Clinical Signs & Symptoms
Symptoms depend on the severity of the hemorrhage.
A minor hemorrhagic illness can be very hard to detect. Early in the disease process, a minor hemorrhagic gastroenteritis produces non specific symptoms, which may be associated with many conditions. These are things like vomiting, nausea, diarrhea, and loss of appetite. Later on, pallor, weakness, and orthostatic hypertension set in. If undected, the hemorrhage may lead to circulatory collapse and death.
A virulent hemorrhagic gastroenteritis is dramatic in its appearance. It is charicterized by vomiting of blood, which may be red, or dark brown. Diarrhea is usually concurrent. The diarrhea most often associated with hemorrhagic gastroenteritis is watery and mucosy at first. Later, blood, sometimes quite a bit, will be noticeable. Symptoms of shock set in quickly due to volume depletion as a result of blood an fluid loss.
A diagnosis of hemorrhagic gastroenteritis is made based on blood work, and diagnostic imaging.
A CBC will show decreasing hematocrit. White blood count is almost always elevated. If Lupus is the cause, there will be a significant elevation in sed rate in most cases. A PT/PTT should be done to rule out a bleeding disorder.
Endoscopy is the diagnostic tool of choice when it comes to comfirming hemorrhagic gastroenteritis. An endoscopy will show diffuse bleeding of the gastrointestinal mucosa, and can rule out ulcers. If the patient is hemodynamically stable, and a bleeding disorder has been ruled out, a biopsy can be taken to rule out cancer.
If bleeding is severe, surgery is usually done to more quickly establish a diagnosis.

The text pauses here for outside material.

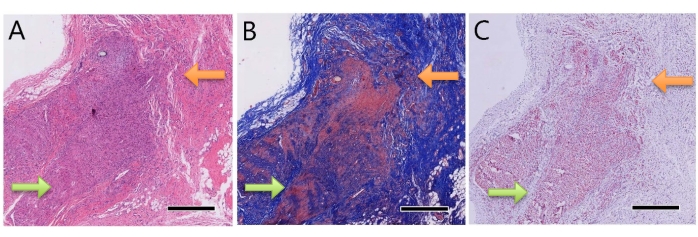 Histology comparison of tissue staining methods, microscope image highlighting cellular structures.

Treatment consists of supportive care for the hemorrhage, and treatment of the underlying condition. A minor hemorrhage can usually be managed with I.V. fluids, while a severe hemorrhage may result in the need for whole blood transfusion. Additional supportive care includes analgesics for pain, and vasopressors, such as metaraminol, to control hypotension.
Treatment for the underlying illness is what eliminates the hemorrhagic gastroenteritis. Lupus can be treated with high dose corticosteroids. In more serious cases, immunosuppressive drugs, like methotrexate, may be used. Treatment for poisoning is often purely supportive, with the exception of heavy metal toxicity, which is treated with chelation therapy. Bacterial infections can be treated with aggressive antibiotic therapy, while viruses can not be treated.